SOURCE MATERIAL
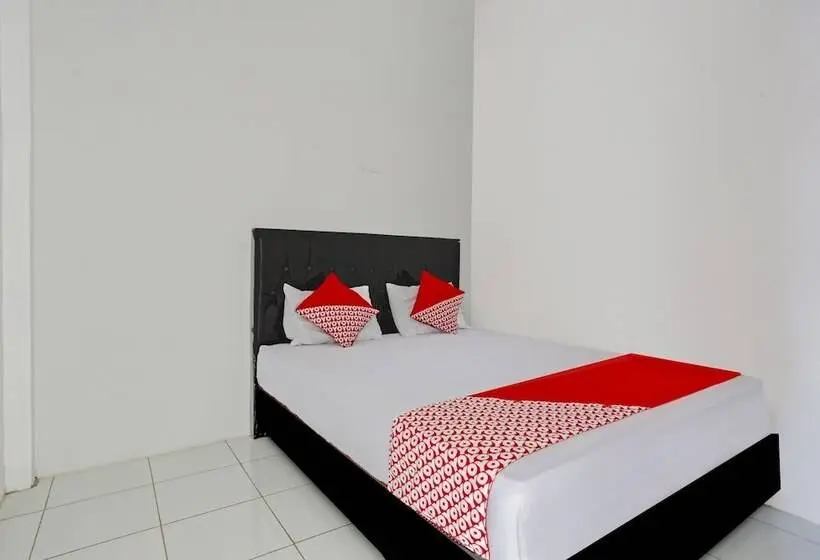 デラックスルーム, Reddoorz Near Bigmall Samarinda 2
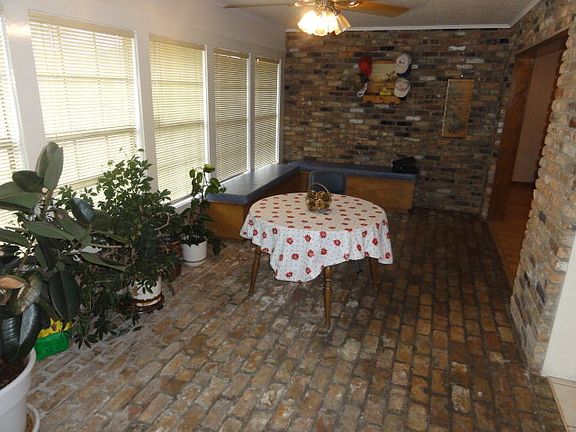 5th image of 107 Parnell Dr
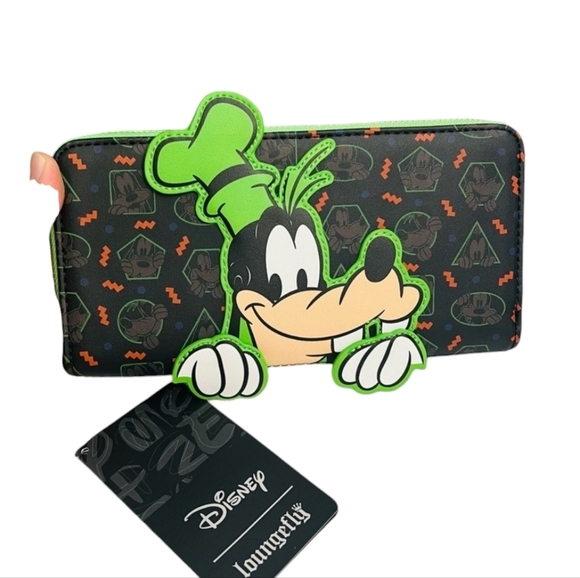 🔹️Loungefly 🔹️x  Disney Goofy  long zip around Wallet - Picture 1 of 8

EXERCISE DETAILS
The expected answer is the whole listing above, copied exactly, with images excluded.

ANSWER TO THIS PROBLEM
 デラックスルーム, Reddoorz Near Bigmall Samarinda 2
 5th image of 107 Parnell Dr
 🔹️Loungefly 🔹️x  Disney Goofy  long zip around Wallet - Picture 1 of 8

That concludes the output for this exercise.